§ **Exercise goal**: Omit the pictures and output exactly the lines from the start of the entries through the line containing "BMW X7 2022 года с пробегом. Фото: #22".

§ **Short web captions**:

"""

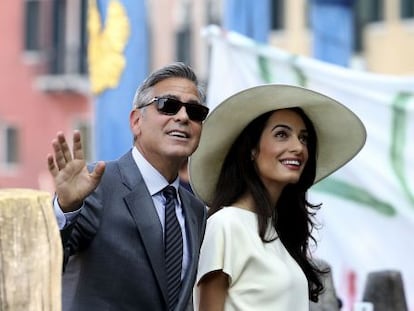 George Clooney y su esposa Amal Alamuddin en Venecia.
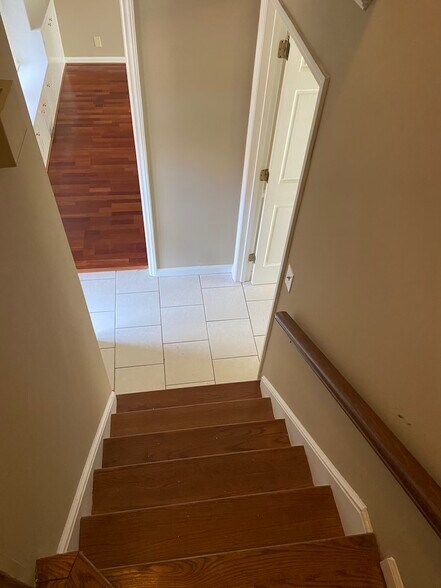 Building Photo - 4 Holdsworth Ct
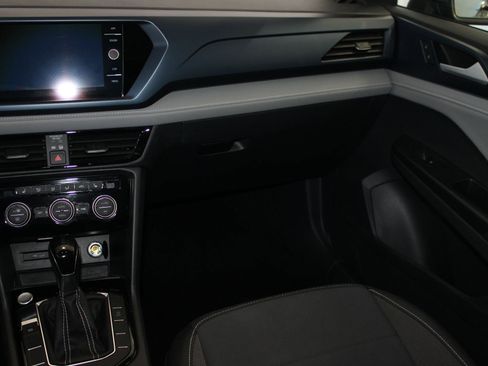 Used 2024 Volkswagen Taos SE image 27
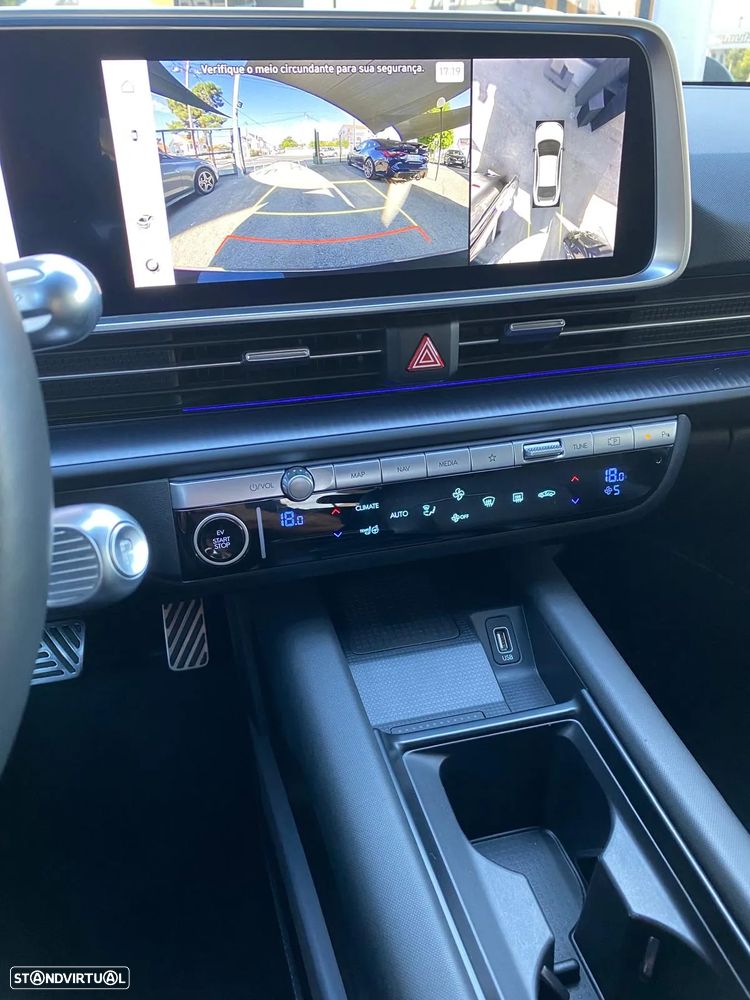 Hyundai Ioniq 6 77,4 kWh 4WD Uniq - 29
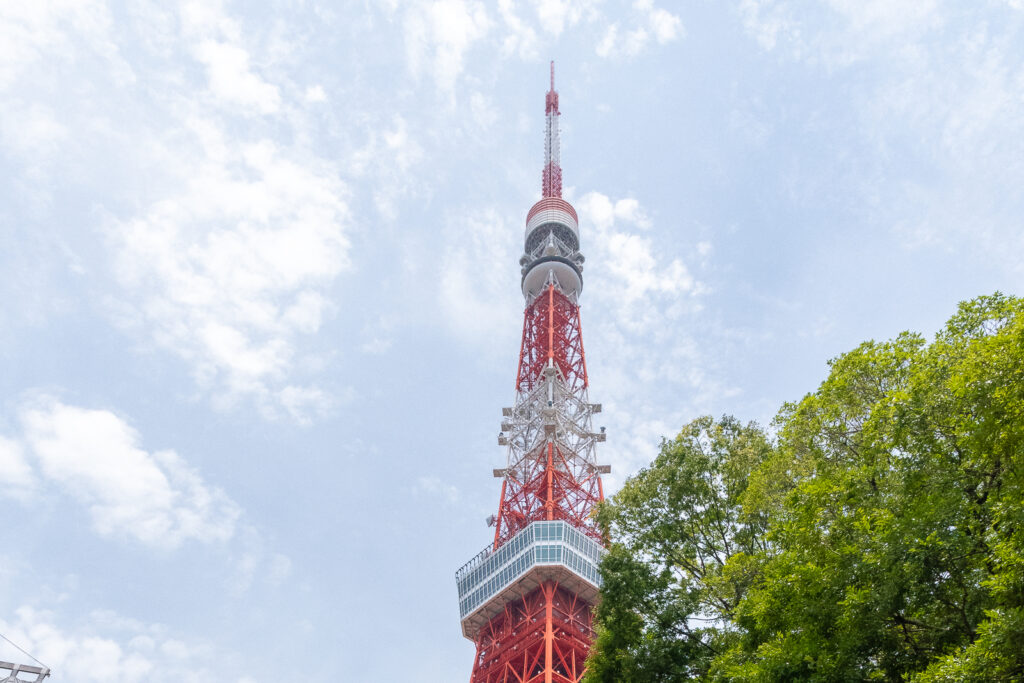 Looking up at the symbolic Tokyo Tower.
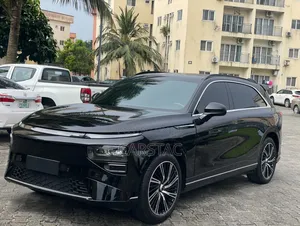XPeng G9 EV AWD 2024 Black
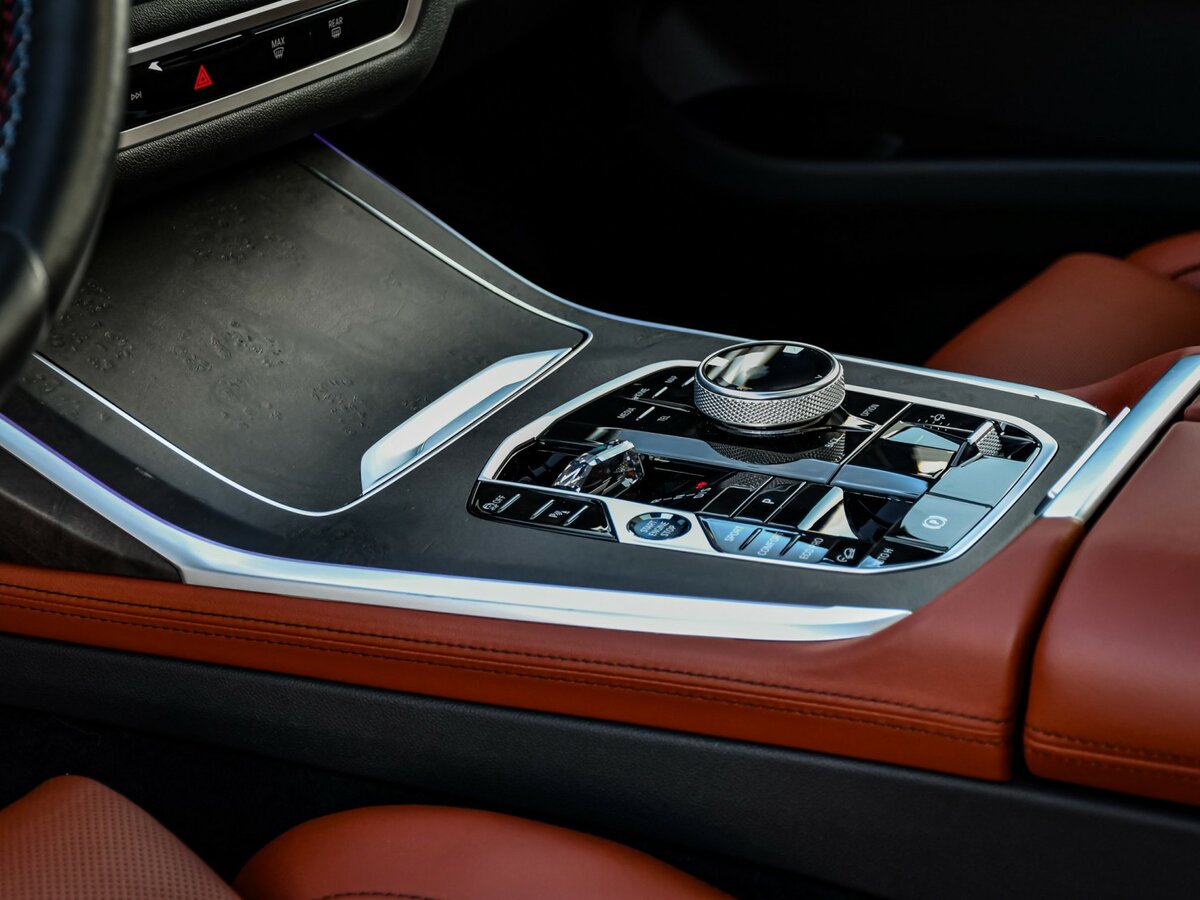 BMW X7 2022 года с пробегом. Фото: #22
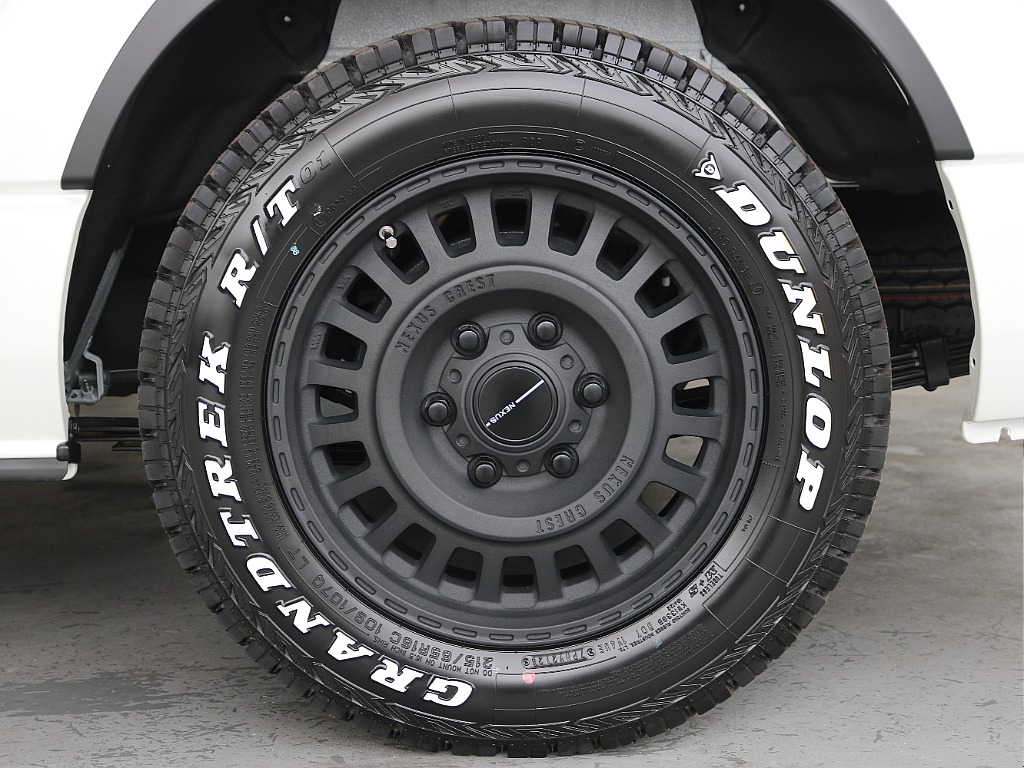 NC-1・16インチにダンロップ・グラントレックの組み合わせになっております☆☆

"""

§ **Solution to this exercise**:
 George Clooney y su esposa Amal Alamuddin en Venecia.
 Building Photo - 4 Holdsworth Ct
 Used 2024 Volkswagen Taos SE image 27
 Hyundai Ioniq 6 77,4 kWh 4WD Uniq - 29
 Looking up at the symbolic Tokyo Tower.
XPeng G9 EV AWD 2024 Black
 BMW X7 2022 года с пробегом. Фото: #22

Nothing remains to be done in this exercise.